De prime abord quelque peu réticent à l’idée de rejoindre l’imposant volcan havrais, la soirée proposée par le Cabaret Electric aura eu raison de mon humeur momentanément frileuse et dubitative. Cette dernière sera dans un premier temps estompée par la prestation énergique et fiévreuse des autochtones de Tokyo / Overtones, puis définitivement annihilée par celle plus dansante des métro-funky Fujiya & Miyagi.
Et manifestement, d’autres que moi auront à juste titre laissé toute réserve dans le bas-côté. Est-ce imputable à l’invasion massive du fan-club local des Tokyo/Overtones, à une envie irrépressible de se délecter et frétiller au son des gars de Brighton, ou mieux à la concomitance des deux ? Toujours est-il que l’affiche de ce soir aura rameuté un joli parterre de spectateurs.

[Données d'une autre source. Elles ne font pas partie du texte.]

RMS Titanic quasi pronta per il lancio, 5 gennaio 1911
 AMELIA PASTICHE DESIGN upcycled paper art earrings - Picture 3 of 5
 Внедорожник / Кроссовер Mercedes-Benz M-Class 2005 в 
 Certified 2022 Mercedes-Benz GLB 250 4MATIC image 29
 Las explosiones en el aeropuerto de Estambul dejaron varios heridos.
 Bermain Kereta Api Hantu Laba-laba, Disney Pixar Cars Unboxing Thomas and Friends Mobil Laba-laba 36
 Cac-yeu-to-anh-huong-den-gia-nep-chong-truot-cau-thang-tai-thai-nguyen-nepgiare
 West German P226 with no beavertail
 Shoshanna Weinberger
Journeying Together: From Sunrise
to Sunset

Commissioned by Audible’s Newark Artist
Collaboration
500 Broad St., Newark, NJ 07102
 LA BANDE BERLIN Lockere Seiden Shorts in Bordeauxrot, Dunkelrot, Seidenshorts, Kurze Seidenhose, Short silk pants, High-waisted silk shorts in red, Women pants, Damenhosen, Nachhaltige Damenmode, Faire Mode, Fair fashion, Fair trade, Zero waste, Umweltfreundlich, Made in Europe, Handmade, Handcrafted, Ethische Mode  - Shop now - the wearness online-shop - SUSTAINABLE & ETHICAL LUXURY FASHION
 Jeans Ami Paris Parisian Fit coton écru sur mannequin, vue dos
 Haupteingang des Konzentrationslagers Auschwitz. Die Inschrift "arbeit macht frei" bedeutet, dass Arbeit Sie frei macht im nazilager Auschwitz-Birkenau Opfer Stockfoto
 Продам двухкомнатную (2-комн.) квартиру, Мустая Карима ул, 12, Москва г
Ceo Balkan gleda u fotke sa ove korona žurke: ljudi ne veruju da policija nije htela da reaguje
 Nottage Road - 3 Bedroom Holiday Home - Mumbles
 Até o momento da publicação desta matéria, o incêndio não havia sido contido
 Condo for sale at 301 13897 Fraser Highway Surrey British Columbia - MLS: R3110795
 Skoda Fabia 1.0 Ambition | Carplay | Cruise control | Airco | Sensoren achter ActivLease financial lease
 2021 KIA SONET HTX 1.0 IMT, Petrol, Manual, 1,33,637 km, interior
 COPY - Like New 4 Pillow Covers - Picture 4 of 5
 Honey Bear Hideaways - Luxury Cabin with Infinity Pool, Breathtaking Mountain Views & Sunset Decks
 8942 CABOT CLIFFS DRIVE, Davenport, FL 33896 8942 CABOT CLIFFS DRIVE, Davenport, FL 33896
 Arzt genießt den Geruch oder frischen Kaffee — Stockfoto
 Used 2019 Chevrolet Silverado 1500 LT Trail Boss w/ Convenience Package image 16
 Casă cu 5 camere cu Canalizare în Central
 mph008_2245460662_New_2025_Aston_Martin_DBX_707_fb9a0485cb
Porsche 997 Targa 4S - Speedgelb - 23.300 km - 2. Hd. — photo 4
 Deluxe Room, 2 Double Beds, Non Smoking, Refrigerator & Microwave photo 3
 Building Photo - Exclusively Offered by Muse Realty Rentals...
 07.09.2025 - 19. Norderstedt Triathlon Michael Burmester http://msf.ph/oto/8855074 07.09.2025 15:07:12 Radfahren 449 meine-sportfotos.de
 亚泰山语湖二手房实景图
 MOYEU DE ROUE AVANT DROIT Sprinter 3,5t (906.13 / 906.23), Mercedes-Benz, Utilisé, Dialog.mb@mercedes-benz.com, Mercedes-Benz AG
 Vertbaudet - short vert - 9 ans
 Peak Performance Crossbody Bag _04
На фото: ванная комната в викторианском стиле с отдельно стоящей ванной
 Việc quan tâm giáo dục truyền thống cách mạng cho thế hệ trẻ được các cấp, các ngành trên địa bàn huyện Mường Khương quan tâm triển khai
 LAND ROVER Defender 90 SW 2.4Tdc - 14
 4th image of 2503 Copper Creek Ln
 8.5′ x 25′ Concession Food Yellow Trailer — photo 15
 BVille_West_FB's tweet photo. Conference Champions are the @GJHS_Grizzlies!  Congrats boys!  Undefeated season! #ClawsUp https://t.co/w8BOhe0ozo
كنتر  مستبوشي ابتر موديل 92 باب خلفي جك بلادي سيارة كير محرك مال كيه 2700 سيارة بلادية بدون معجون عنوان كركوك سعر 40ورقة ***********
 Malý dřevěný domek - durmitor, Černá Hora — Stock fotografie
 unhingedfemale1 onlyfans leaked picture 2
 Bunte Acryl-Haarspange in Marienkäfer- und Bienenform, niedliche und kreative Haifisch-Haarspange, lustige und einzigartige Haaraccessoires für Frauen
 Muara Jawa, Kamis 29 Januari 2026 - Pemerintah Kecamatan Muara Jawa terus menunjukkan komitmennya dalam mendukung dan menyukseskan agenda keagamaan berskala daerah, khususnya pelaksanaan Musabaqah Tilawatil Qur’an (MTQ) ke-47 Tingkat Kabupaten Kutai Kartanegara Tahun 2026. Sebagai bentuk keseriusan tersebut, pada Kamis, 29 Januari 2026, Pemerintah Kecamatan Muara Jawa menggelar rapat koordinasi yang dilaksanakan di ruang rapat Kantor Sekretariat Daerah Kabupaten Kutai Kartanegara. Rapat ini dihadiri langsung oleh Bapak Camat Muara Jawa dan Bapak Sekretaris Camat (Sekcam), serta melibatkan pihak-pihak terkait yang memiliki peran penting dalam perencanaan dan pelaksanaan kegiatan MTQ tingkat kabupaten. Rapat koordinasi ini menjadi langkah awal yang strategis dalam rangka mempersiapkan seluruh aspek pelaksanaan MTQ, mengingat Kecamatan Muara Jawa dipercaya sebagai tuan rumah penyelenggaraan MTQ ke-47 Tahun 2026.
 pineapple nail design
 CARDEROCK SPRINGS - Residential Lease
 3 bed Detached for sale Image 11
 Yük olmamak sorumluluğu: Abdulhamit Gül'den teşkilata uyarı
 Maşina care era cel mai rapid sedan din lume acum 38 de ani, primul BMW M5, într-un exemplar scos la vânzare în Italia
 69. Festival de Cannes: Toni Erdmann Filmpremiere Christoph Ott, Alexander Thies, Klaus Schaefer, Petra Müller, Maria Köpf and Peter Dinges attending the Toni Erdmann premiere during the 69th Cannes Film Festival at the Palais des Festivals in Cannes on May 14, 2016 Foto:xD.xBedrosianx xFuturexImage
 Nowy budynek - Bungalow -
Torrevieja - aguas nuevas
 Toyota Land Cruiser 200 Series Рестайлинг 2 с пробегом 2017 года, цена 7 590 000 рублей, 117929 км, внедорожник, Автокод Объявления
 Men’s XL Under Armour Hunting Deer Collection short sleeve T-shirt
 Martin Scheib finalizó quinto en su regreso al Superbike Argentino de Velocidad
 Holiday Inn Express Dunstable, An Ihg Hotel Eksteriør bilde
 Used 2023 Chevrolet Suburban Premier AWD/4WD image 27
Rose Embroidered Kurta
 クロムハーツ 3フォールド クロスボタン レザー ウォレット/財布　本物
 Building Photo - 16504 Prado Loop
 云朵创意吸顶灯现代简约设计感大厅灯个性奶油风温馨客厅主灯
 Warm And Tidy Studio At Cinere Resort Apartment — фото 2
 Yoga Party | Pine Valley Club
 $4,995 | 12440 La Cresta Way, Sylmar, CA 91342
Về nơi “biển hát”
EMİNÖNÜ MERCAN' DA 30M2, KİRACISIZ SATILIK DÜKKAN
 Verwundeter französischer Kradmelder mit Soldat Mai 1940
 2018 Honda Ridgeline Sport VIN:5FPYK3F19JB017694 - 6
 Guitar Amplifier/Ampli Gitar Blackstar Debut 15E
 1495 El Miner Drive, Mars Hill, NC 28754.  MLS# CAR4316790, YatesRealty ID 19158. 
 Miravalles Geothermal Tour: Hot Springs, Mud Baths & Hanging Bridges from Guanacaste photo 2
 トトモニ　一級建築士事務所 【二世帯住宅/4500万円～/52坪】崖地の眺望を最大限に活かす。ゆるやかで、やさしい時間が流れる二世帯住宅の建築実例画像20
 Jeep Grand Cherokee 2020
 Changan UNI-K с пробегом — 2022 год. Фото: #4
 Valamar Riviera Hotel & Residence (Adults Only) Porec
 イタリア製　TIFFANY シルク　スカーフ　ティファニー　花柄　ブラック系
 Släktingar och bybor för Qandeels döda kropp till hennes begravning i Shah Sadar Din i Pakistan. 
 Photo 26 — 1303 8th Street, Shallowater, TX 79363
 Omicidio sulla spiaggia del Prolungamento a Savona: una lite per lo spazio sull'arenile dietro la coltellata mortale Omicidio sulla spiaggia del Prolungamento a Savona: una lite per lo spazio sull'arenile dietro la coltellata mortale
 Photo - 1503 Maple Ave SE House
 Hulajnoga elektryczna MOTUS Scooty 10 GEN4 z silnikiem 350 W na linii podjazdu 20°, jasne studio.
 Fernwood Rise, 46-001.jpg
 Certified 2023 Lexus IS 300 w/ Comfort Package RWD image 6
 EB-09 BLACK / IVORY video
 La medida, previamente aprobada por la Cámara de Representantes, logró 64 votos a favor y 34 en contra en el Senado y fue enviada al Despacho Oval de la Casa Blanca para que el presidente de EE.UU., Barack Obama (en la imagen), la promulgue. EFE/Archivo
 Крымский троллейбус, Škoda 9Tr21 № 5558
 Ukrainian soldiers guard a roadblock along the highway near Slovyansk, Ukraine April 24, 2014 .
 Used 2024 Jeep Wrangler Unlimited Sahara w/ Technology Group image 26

Comme leurs épigones sur scène, les Tokyo/Overtones n’ont de nippon que le nom. Venus exposer à un public majoritairement familier du quintet les fruits de leurs récents travaux, les T/O ne dissimulent pas leur plaisir de jouer et d’être là (exception faite du claviériste, plus flegmatique, et absorbé par son rack de machines). Menée par le chanteur guitariste Laurent, dont le timbre de voix offre un doigt de similitudes avec celui du surexposé Chris Martin, la formation havraise vogue avec assurance, charisme et contrôle entre éclaircies intimistes à la mélancolie rémanente et une power-pop fougueuse où l’électronique exerce un droit de parole quasi-perpétuel. Un set carré et maîtrisé on l’on voit se croiser les spectres dramaturgiques et emphatiques de Coldplay, ceux plus fébriles et tendus de Chokebore ou Unwound, avec au milieu une soif inextinguible et jamais vaine de renouveler et émailler le tableau aux outils synthétiques, un peu comme chez Lali Puna ou leurs cousins germains et revêches Couch.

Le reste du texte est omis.